Reactions: Thank You! 1 | Funny 2


----------



## Tony (Feb 15, 2018)

Very cool Barry! Tony

Reactions: Thank You! 1


----------



## Sprung (Feb 15, 2018)

Those are awesome! I've been wanting to try my hand at them too.

Did you use a sphere jig to turn them? Of the pencil line/rotate/pencil line/rotate/etc method?


----------



## Nature Man (Feb 15, 2018)

Those look fantastic in the bowl! I need to learn how to make balls, as my son has been asking me to make him a Kendama. Chuck

Reactions: Thank You! 1 | Way Cool 1


----------



## barry richardson (Feb 15, 2018)

Sprung said:


> Those are awesome! I've been wanting to try my hand at them too.
> 
> Did you use a sphere jig to turn them? Of the pencil line/rotate/pencil line/rotate/etc method?


Thanks Matt, I turned a couple of small cups for the head and tailstock, then, pencil lines and eyeballs.... headstock cup is easy, the tailstock one is tricky cause it has to fit over the center perfectly or you get a little wiggle, I would love to have the machined aluminum set that Carter sells, but for 100 bucks, I will live without it....

Reactions: Agree 1


----------



## Sprung (Feb 15, 2018)

barry richardson said:


> Thanks Matt, I turned a couple of small cups for the head and tailstock, then, pencil lines and eyeballs.... headstock cup is easy, the tailstock one is tricky cause it has to fit over the center perfectly or you get a little wiggle, I would love to have the machined aluminum set that Carter sells, but for 100 bucks, I will live without it....



Yeah, at the prices they're asking for the sphere jigs, I can definitely live without one too!

Thanks! Think I might have to give a sphere or two a try next time I feel like doing some turning.


----------



## CWS (Feb 15, 2018)

Nice balls Barry. I think they are displayed just fine.

Reactions: Thank You! 1


----------



## Mr. Peet (Feb 15, 2018)

That bear head image on the one ball has extra ears...


----------



## David Hill (Feb 15, 2018)

Great turnings!!! Also another thing on my "to turn" list.

I'm sure some will be envious of .......... your balls.

Reactions: Thank You! 1 | Funny 4


----------



## DKMD (Feb 15, 2018)

So many puns...

Unusual for a married guy to still have them... After seeing some of the things you turn, I thought they’d be bigger... etc

Reactions: Like 2 | Great Post 1 | Funny 5


----------



## ClintW (Feb 15, 2018)

Very cool! I may have to explore this too!

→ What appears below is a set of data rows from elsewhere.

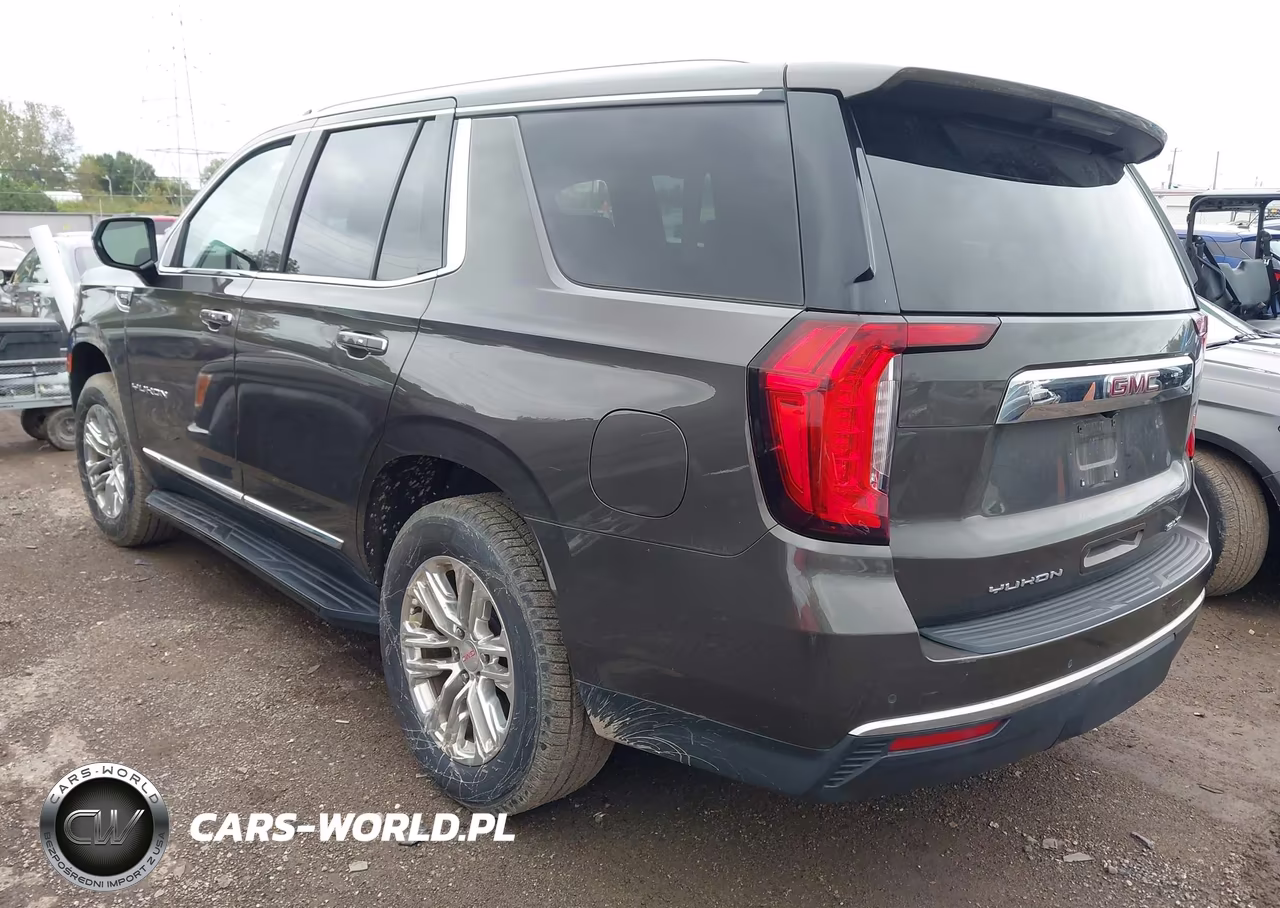 2021 GMC Yukon 4Wd Slt VIN:1GKS2BKD2MR279374 - 3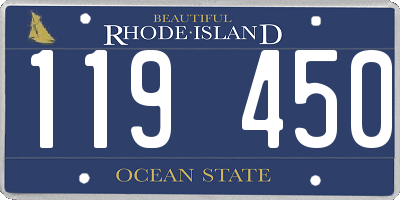 RI license plate 119450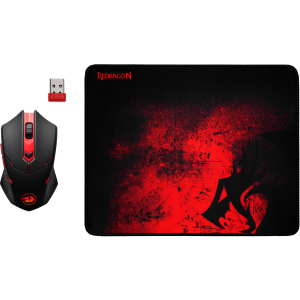 Комплект Игровой Redragon M601WL-BA Black-Red (78227) лучшая модель в Черкассах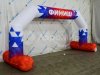 Надувная арка с опорами и полноцветной печатью серии Лайт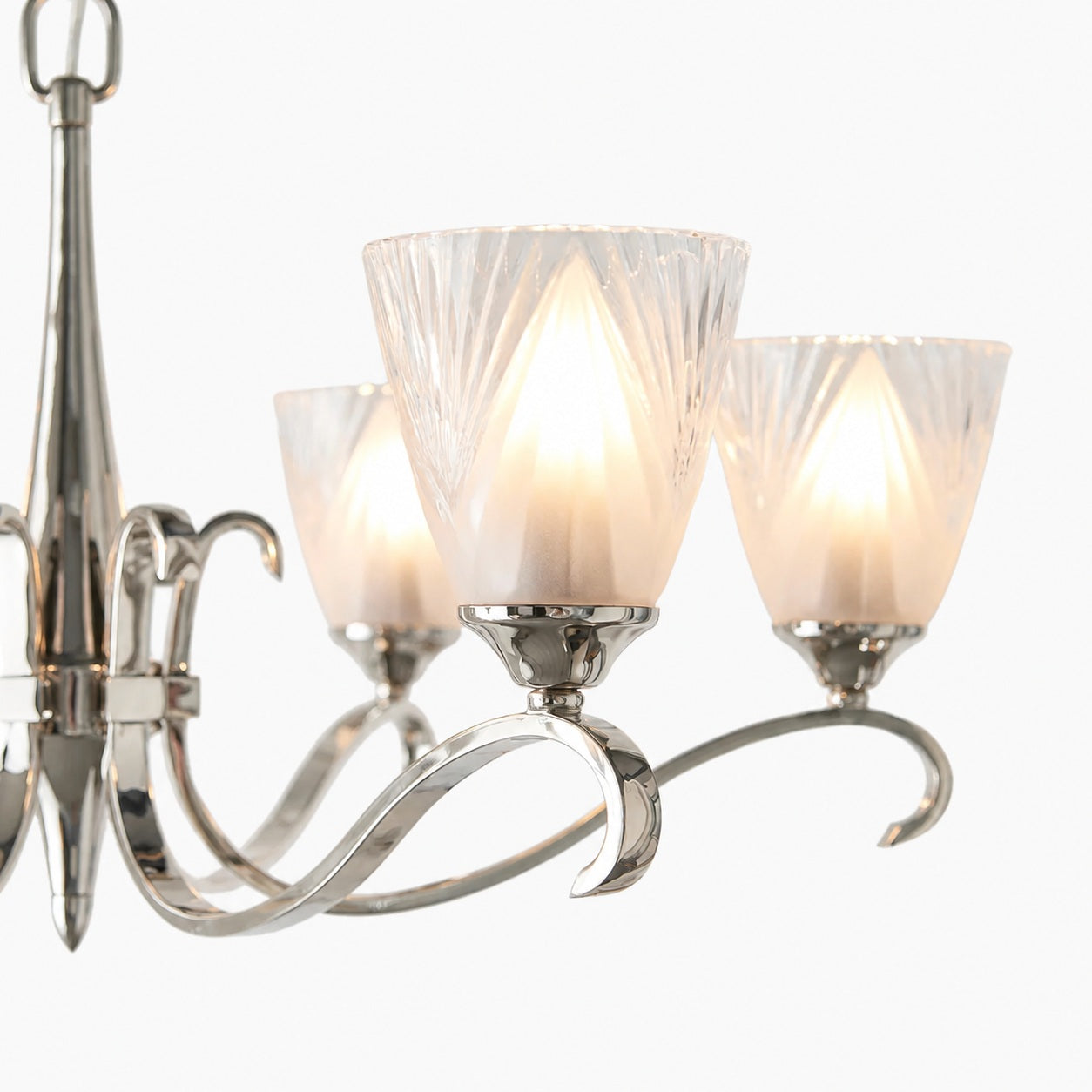Lunetal Multi-Light Chandelier Crystal Accents Brass Finish - Modern Luxury for Dining Room and Living Room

The buckeye (gray one) kinda looks like a planet.

Reactions: Thank You! 1


----------



## Nature Man (Feb 15, 2018)

barry richardson said:


> Thanks Matt, I turned a couple of small cups for the head and tailstock, then, pencil lines and eyeballs.... headstock cup is easy, the tailstock one is tricky cause it has to fit over the center perfectly or you get a little wiggle, I would love to have the machined aluminum set that Carter sells, but for 100 bucks, I will live without it....


Looked up the Carter tool, and it goes for $349.90 from Carter... Chuck


----------



## Bigdrowdy1 (Feb 15, 2018)

@barry richardson looks like your rolling along and having a ball in the shop. Really cool work not really meaning to bust your spheres.



Rodney

Reactions: Like 1 | Great Post 1 | Funny 2


----------



## NYWoodturner (Feb 15, 2018)

Those look fantastic Barry. Post a pic of the cups you turned if you get a chance. I always used PVC with a piece of 9 oz leather for grip. The cups sound like a better approach.

Reactions: Agree 2 | Informative 1


----------



## barry richardson (Feb 15, 2018)

NYWoodturner said:


> Those look fantastic Barry. Post a pic of the cups you turned if you get a chance. I always used PVC with a piece of 9 oz leather for grip. The cups sound like a better approach.


They are just pieces of wood, trued up with a depression in the middle, Pretty much like the guy in this video does, 



 which is what I watched before I started. only difference is I don't have a threaded cup for the tailstock (didn't have a tap that size) it just fits snugly over the center. I have heard of the PVC method, and would have used that if I had some handy.....

Reactions: Like 2


----------



## barry richardson (Feb 15, 2018)

Nature Man said:


> Looked up the Carter tool, and it goes for $349.90 from Carter... Chuck


Yea, that is for the kit with training wheels lol, very pricey.... This is the kit I was referring to 

http://www.carterproducts.com/turning-tools/perfect-sphere/the-perfect-sphere-chuck-1914


----------



## DKMD (Feb 15, 2018)

Rubber Chucky has some sphere centers that are pretty handy: https://www.rubberchucky.com/store/p23/_Sphere_Chucky__Set_-_Small_or_Large.html

I’ve also used his 2” vacuum chuck to turn spheres:
https://www.rubberchucky.com/store/p36/Chucky__PVC_Coupling_Vacuum_Seals.html

Reactions: Thank You! 2


----------